Inhibition of XnGroEL binding to BBMV by different chitin
derivatives. A, detection of XnGroEL binding to BBMV after
chitinase treatment. The BBMV were incubated with chitinase followed by
incubation with XnGroEL, and the membrane proteins were processed and resolved
by SDS-PAGE as above. The gel was stained with Coomassie Blue; lane
1, untreated BBMV proteins; lane 2, treated with chitinase.

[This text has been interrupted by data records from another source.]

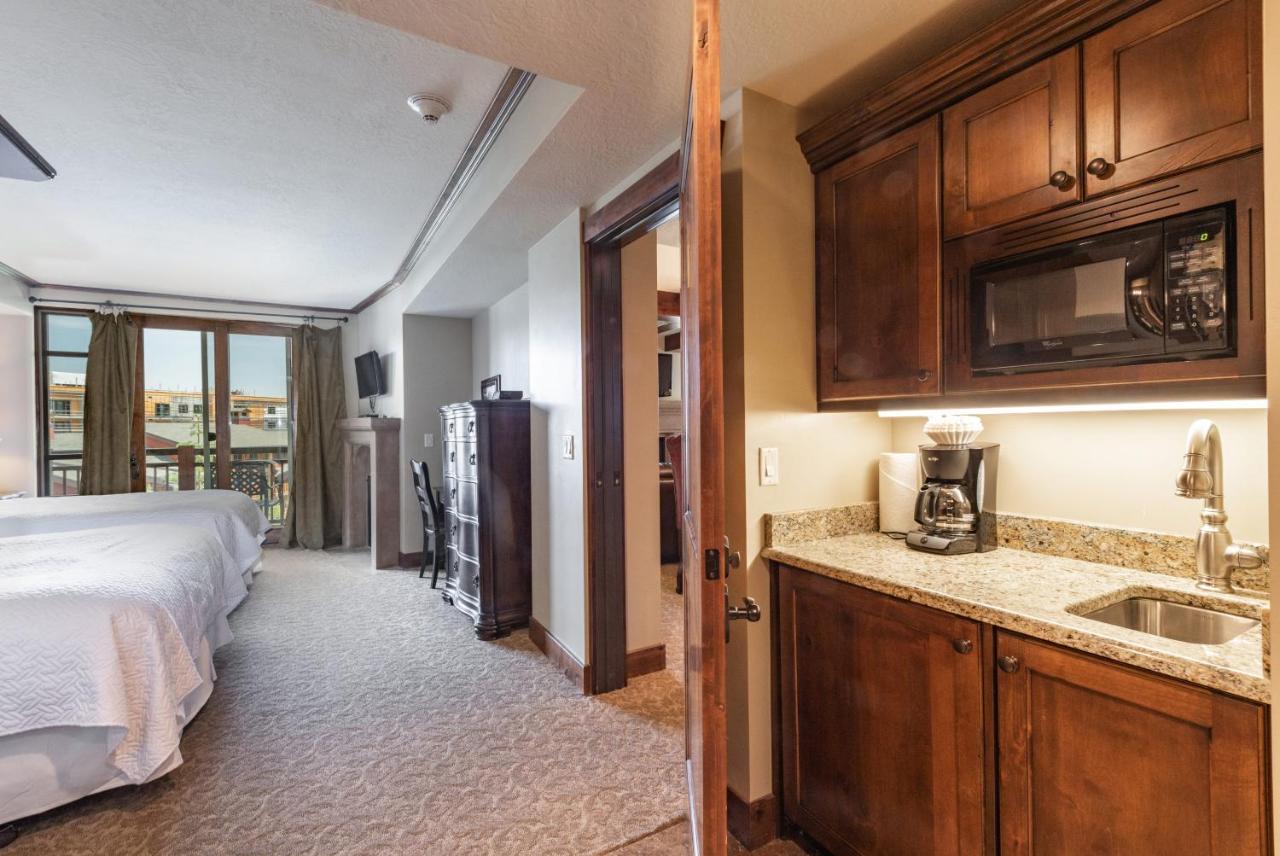 | Luxury Amenities and Resort Ski In Ski Out Pool Hyatt Double Queen Hotel Room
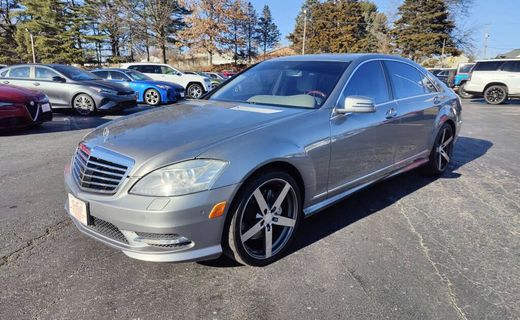 2013 Mercedes-Benz S-Class S550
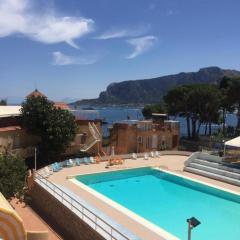 Medea Mondello Holiday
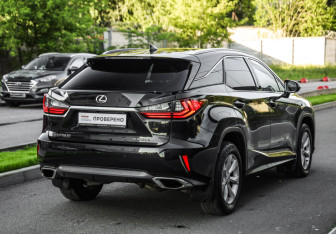 Подержанный автомобиль Lexus RX 2016 года (6 фото)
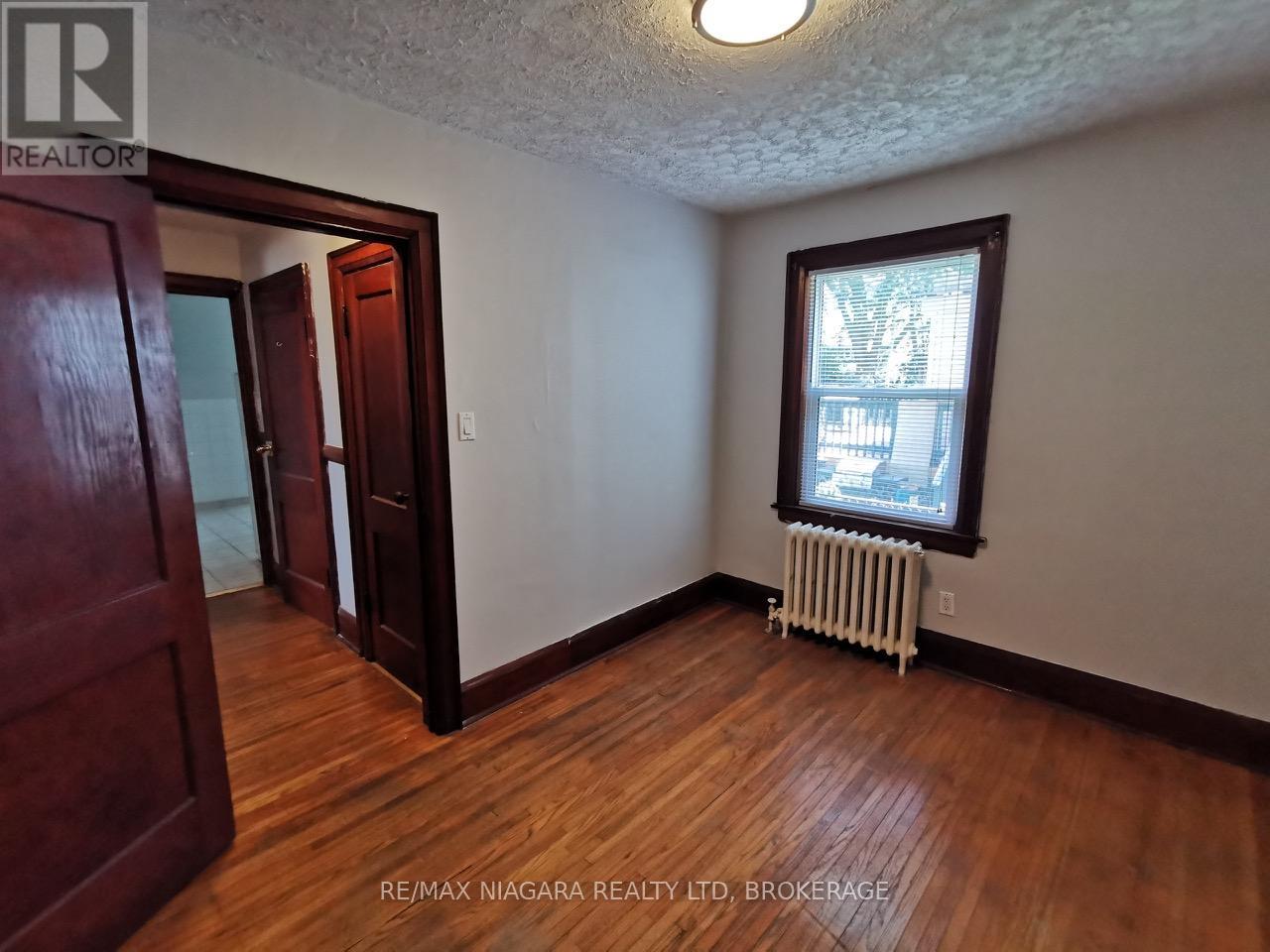 Photo 8 of 5078 5086 Fifth Avenue, Niagara Falls ON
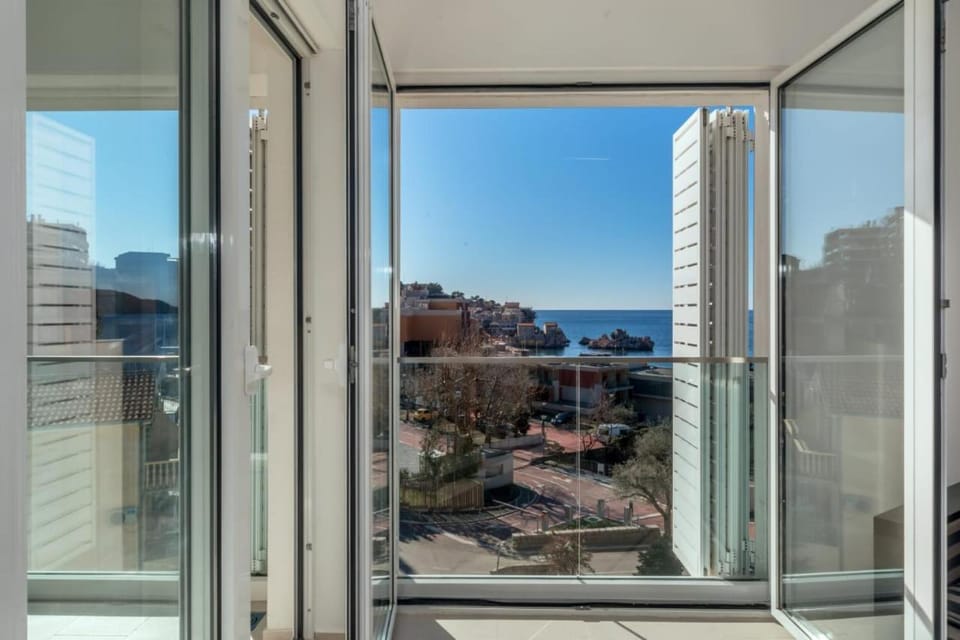 Апартамент Varvara Apartment in Budva Municipality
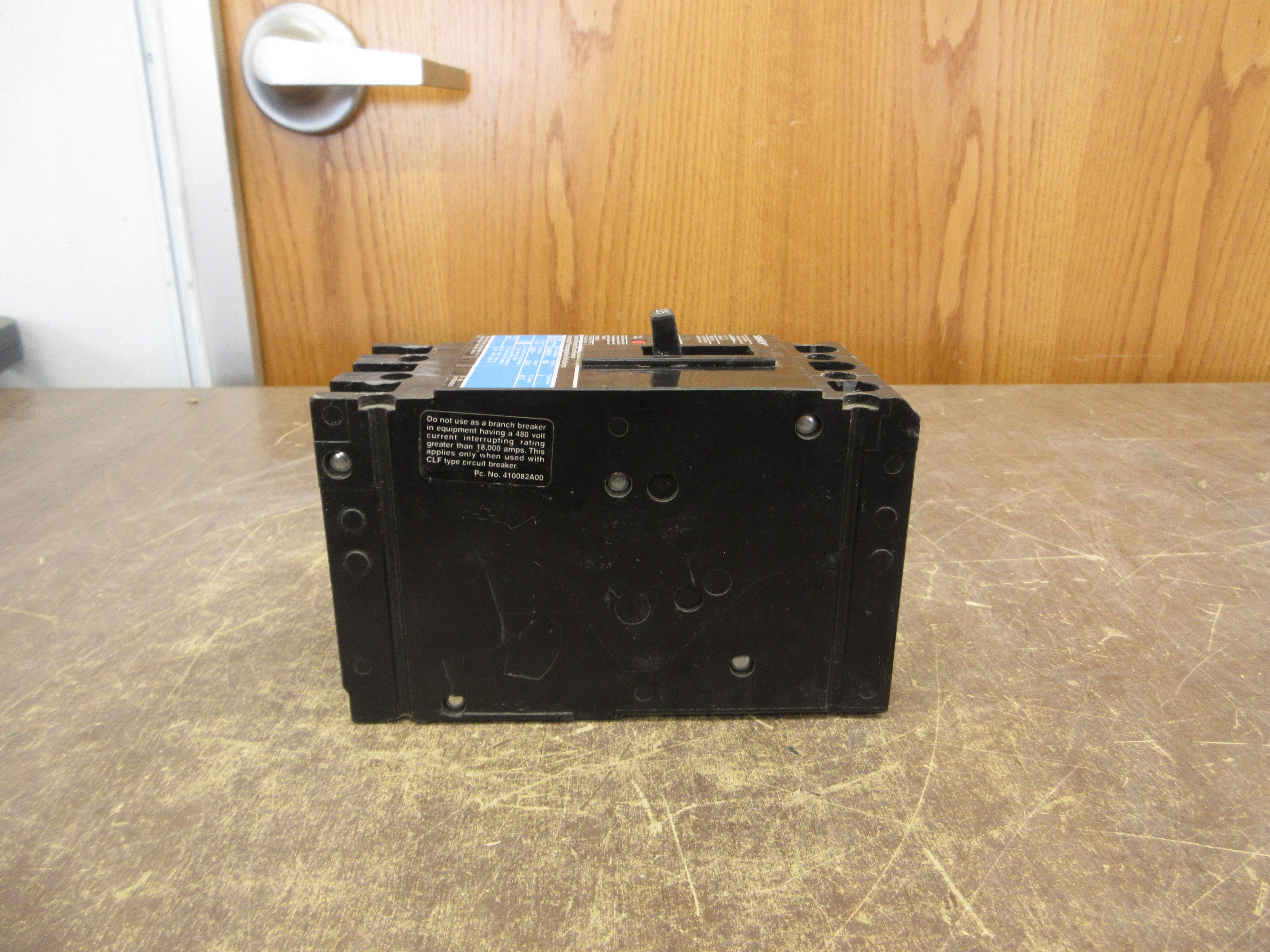 Siemens Sentron Circuit Breaker ED43B125 125A 480V 3P Used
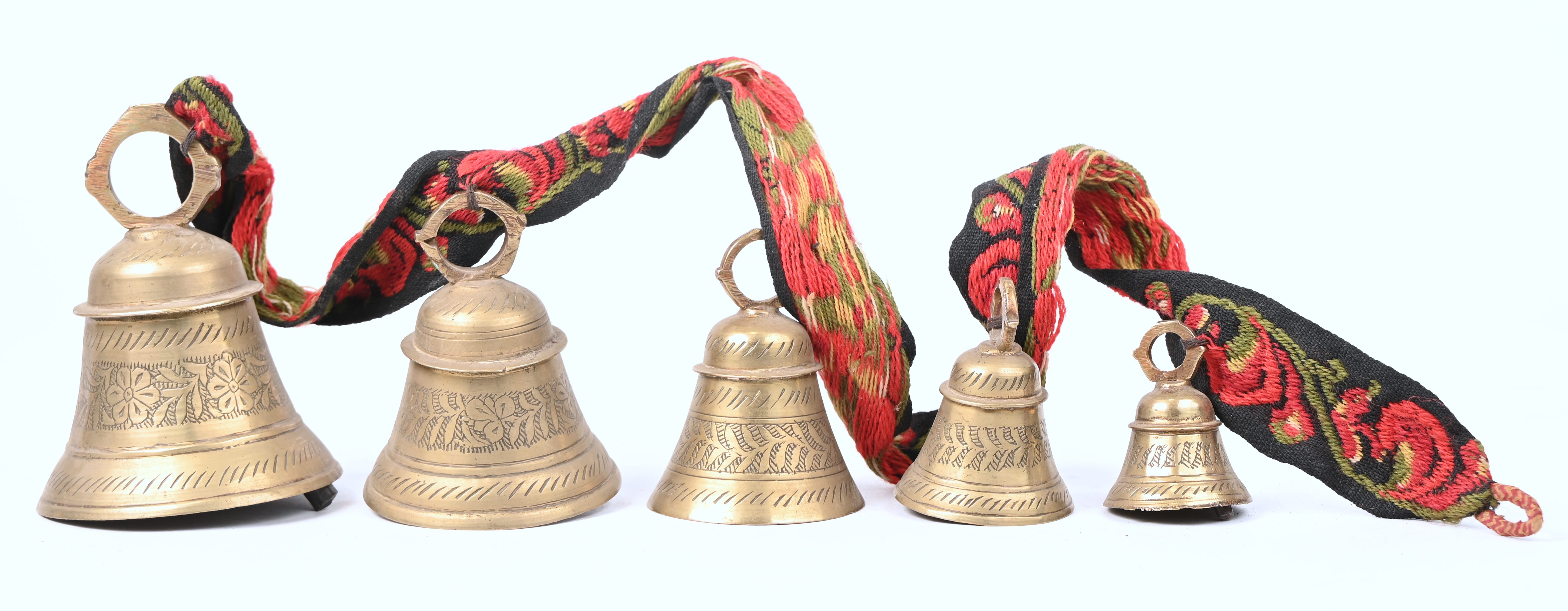 Vijf menssingen bellen van groot naar klein Vijf menssingen bellen van groot naar klein.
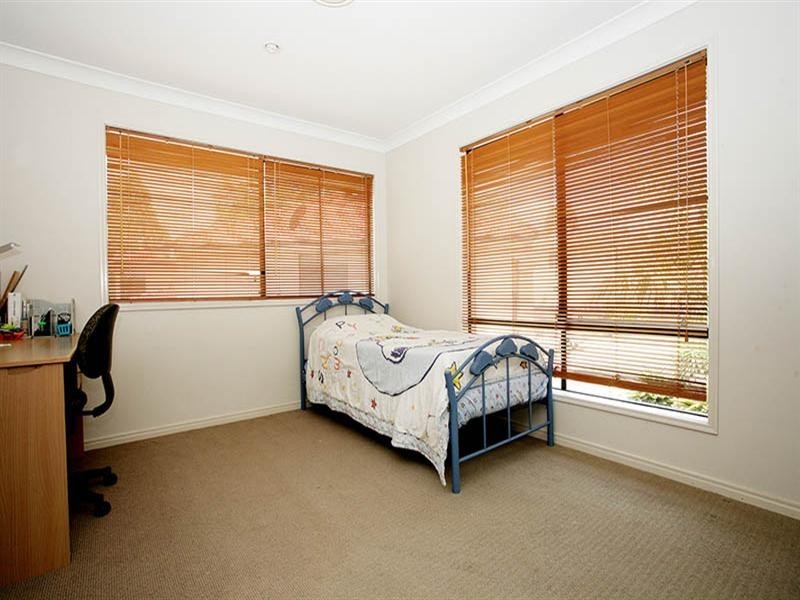 8 St Tropez Place, Forest Lake QLD 4078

Samples in lanes 1 and 2 were blotted with anti-GroEL
antibodies after Western transfer; M, prestained markers; lane
3, untreated BBMV; lane 4, BBMV with chitinase and protease
inhibitor; lane 5, with chitinase, no protease inhibitor. B,
the binding assay mixture contained 20 μg of BBMV, 10 μg of XnGroEL, and
the competing compounds. 1, no inhibitory compound; 2, 3,
and 4, 0.05, 0.1, and 0.5 mg of solubilized chitin, respectively;
5, 1.0 mg of cellulose; 6, 1.0 mg of chitosan. C,
XnGroEL binding in the presence of lanes 1–5, 0, 50, 100, 150,
and 200 mm GalNAc, respectively (A); lanes
1–5, 0, 50, 100, 150, and 200 mm GlcNAc, respectively
(B), lanes 1–5, 0, 50, 100, 150, and 200 mm
diacetyl chitobiose, respectively (C), lanes 1–5, 0,
50, 75, 100, and 125 mm triacetyl chitotriose, respectively
(D); lanes 1–5, 0, 20, 40, 60 and 80 mm
hexaacetyl chitohexaose, respectively (E); loading control, BBM
blotted with antibody against N-aminopeptidase (F). The table shows
ID50 values calculated by plotting the integrated density values of
the bands shown in panel C. The experiments were repeated three
times, and data from one of the representative experiments are presented.